- Your goal -
In this exercise, return each entry exactly as given.

- Given information -

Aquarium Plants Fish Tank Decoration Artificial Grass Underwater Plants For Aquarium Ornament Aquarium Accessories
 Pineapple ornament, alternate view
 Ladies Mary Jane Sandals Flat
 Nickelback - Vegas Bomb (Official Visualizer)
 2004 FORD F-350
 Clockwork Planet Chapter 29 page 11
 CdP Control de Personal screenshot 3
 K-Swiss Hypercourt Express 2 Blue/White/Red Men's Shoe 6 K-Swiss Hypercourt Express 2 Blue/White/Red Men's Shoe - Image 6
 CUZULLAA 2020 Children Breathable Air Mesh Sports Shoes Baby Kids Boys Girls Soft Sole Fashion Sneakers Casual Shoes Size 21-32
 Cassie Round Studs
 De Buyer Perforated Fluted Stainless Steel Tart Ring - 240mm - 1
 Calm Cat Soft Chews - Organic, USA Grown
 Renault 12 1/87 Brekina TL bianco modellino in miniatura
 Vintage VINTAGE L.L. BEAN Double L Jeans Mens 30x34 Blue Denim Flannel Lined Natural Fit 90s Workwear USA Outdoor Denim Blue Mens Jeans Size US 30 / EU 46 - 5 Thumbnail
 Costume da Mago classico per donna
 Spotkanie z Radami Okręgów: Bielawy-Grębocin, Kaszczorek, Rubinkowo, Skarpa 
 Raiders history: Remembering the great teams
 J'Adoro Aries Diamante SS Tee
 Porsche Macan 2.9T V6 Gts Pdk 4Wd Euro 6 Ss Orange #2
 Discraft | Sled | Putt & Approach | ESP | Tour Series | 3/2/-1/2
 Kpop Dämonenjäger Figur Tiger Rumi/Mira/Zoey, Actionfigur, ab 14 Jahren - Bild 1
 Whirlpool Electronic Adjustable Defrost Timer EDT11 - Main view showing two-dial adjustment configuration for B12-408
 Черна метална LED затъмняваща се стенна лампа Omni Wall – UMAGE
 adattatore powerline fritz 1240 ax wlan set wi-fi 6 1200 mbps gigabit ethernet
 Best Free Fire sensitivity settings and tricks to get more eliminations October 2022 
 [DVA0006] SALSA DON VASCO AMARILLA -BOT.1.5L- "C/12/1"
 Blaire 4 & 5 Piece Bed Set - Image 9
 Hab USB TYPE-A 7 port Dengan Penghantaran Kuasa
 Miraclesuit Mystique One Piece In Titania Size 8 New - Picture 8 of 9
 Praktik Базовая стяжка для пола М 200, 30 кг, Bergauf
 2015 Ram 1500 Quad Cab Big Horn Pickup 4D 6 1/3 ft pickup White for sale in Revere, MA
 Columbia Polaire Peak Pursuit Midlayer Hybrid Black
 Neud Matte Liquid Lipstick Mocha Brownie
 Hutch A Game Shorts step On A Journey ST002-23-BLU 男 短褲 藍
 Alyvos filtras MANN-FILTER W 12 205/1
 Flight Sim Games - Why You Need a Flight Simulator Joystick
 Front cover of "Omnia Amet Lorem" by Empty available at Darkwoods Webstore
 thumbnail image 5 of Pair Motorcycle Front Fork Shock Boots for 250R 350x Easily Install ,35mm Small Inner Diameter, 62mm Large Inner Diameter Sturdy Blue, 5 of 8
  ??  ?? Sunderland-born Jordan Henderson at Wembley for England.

- Answer below -
Aquarium Plants Fish Tank Decoration Artificial Grass Underwater Plants For Aquarium Ornament Aquarium Accessories
 Pineapple ornament, alternate view
 Ladies Mary Jane Sandals Flat
 Nickelback - Vegas Bomb (Official Visualizer)
 2004 FORD F-350
 Clockwork Planet Chapter 29 page 11
 CdP Control de Personal screenshot 3
 K-Swiss Hypercourt Express 2 Blue/White/Red Men's Shoe 6 K-Swiss Hypercourt Express 2 Blue/White/Red Men's Shoe - Image 6
 CUZULLAA 2020 Children Breathable Air Mesh Sports Shoes Baby Kids Boys Girls Soft Sole Fashion Sneakers Casual Shoes Size 21-32
 Cassie Round Studs
 De Buyer Perforated Fluted Stainless Steel Tart Ring - 240mm - 1
 Calm Cat Soft Chews - Organic, USA Grown
 Renault 12 1/87 Brekina TL bianco modellino in miniatura
 Vintage VINTAGE L.L. BEAN Double L Jeans Mens 30x34 Blue Denim Flannel Lined Natural Fit 90s Workwear USA Outdoor Denim Blue Mens Jeans Size US 30 / EU 46 - 5 Thumbnail
 Costume da Mago classico per donna
 Spotkanie z Radami Okręgów: Bielawy-Grębocin, Kaszczorek, Rubinkowo, Skarpa 
 Raiders history: Remembering the great teams
 J'Adoro Aries Diamante SS Tee
 Porsche Macan 2.9T V6 Gts Pdk 4Wd Euro 6 Ss Orange #2
 Discraft | Sled | Putt & Approach | ESP | Tour Series | 3/2/-1/2
 Kpop Dämonenjäger Figur Tiger Rumi/Mira/Zoey, Actionfigur, ab 14 Jahren - Bild 1
 Whirlpool Electronic Adjustable Defrost Timer EDT11 - Main view showing two-dial adjustment configuration for B12-408
 Черна метална LED затъмняваща се стенна лампа Omni Wall – UMAGE
 adattatore powerline fritz 1240 ax wlan set wi-fi 6 1200 mbps gigabit ethernet
 Best Free Fire sensitivity settings and tricks to get more eliminations October 2022 
 [DVA0006] SALSA DON VASCO AMARILLA -BOT.1.5L- "C/12/1"
 Blaire 4 & 5 Piece Bed Set - Image 9
 Hab USB TYPE-A 7 port Dengan Penghantaran Kuasa
 Miraclesuit Mystique One Piece In Titania Size 8 New - Picture 8 of 9
 Praktik Базовая стяжка для пола М 200, 30 кг, Bergauf
 2015 Ram 1500 Quad Cab Big Horn Pickup 4D 6 1/3 ft pickup White for sale in Revere, MA
 Columbia Polaire Peak Pursuit Midlayer Hybrid Black
 Neud Matte Liquid Lipstick Mocha Brownie
 Hutch A Game Shorts step On A Journey ST002-23-BLU 男 短褲 藍
 Alyvos filtras MANN-FILTER W 12 205/1
 Flight Sim Games - Why You Need a Flight Simulator Joystick
 Front cover of "Omnia Amet Lorem" by Empty available at Darkwoods Webstore
 thumbnail image 5 of Pair Motorcycle Front Fork Shock Boots for 250R 350x Easily Install ,35mm Small Inner Diameter, 62mm Large Inner Diameter Sturdy Blue, 5 of 8
  ??  ?? Sunderland-born Jordan Henderson at Wembley for England.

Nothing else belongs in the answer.